Strona główna » Aktualności » Pod lupą - Siergiej Pilipczuk

Pod lupą - Siergiej Pilipczuk

Data publikacji: 15-05-2017 15:00



Już w najbliższą środę Wisła Kraków pojedzie do Kielc, by powalczyć tam o pierwszy komplet punktów w rundzie finałowej Lotto Ekstraklasy. Spotkania rozgrywane na Kolporter Arenie nigdy nie należały do najłatwiejszych - tak też zapewne będzie i tym razem. Miejmy jednak nadzieję, że Biała Gwiazda w końcu się przełamie i pokona miejscową Koronę. W związku ze zbliżającym się meczem, pod lupę postanowiliśmy wziąć tym razem Siergieja Pilipczuka - zawodnika, który barwy Złocisto-Krwistych reprezentuje nieprzerwanie od 2013 roku.

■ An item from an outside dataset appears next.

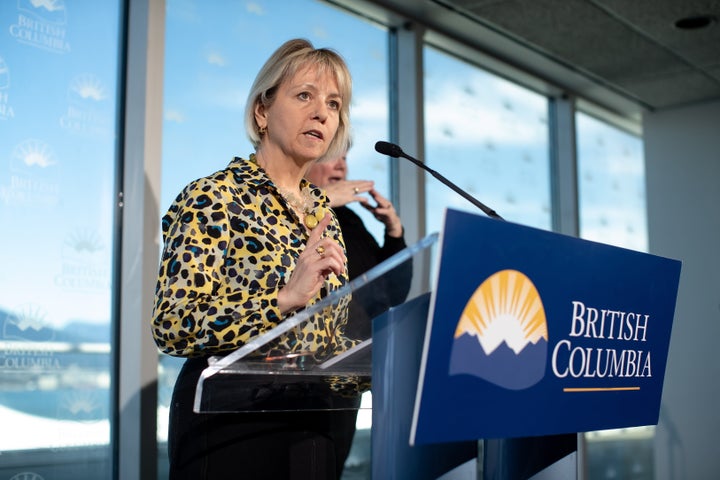 British Columbia provincial health officer Dr. Bonnie Henry speaks during a news conference regarding the novel coronavirus COVID-19, in Vancouver on March 14, 2020. 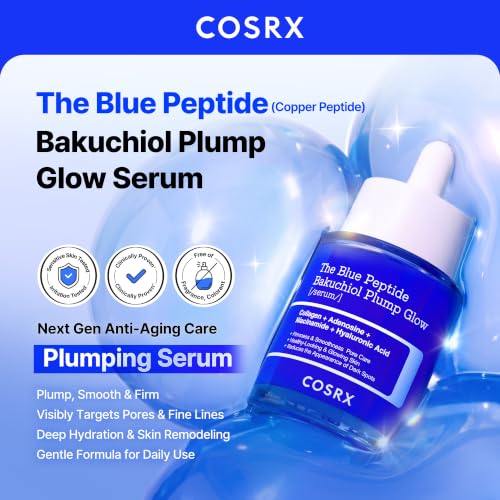COSRX The Blue Copper Peptide Bakuchiol Serum, Glow & Plumping, - Product Imagery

Rosyjski piłkarz pochodzenia ukraińskiego urodził się 26 listopada 1984 roku, na kilka lat przed ostatecznym rozpadem ZSRR. Pierwsze kroki w profesjonalnym futbolu stawiał w Metaliście Charków, z którym w 2004 roku zdobył wicemistrzostwo Pierwszej Lihi Ukrainy. Następnie swoich sił próbował w takich drużynach, jak m.in. Spartak Nalczyk, FK Chimki, czy Wołyń Łuck. Blisko cztery lata temu - 23 sierpnia 2013 roku - zasilił szeregi Korony Kielce.

2016/17 bez fajerwerków
 
W bieżącym sezonie Pilipczuk w barwach Korony wystąpił w 24 spotkaniach, z czego 18 rozpoczynał od pierwszej minuty. Na boisku najczęściej występuje na lewej stronie - jako pomocnik lub napastnik. Pomimo ofensywnego ustawienia, jego statystyki nie są zbyt imponujące. Od początku lipca na listę strzelców wpisywał się zaledwie trzykrotnie, nie zaliczając ani jednej asysty.
 
Ostatni sezon przy Ściegiennego?
 
W ostatnim czasie wiele spekulowano na temat przyszłości Pilipczuka w drużynie z Kielc. Z racji jego kontraktu - który kończy się 30 czerwca - wymieniany jest wśród grupy piłkarzy, którzy po sezonie opuszczą szeregi Korony.
 
Bez względu na to, jak potoczą się losy Ukraińca z rosyjskim paszportem, miejmy nadzieję, że w środę nie poprawi swoich statystyk, a Wisła odniesie cenne zwycięstwo. Wywieziony komplet punktów pozwoli nam utrzymać 5. pozycję w tabeli. Pierwszy gwizdek arbitra zaplanowany jest na 18.00.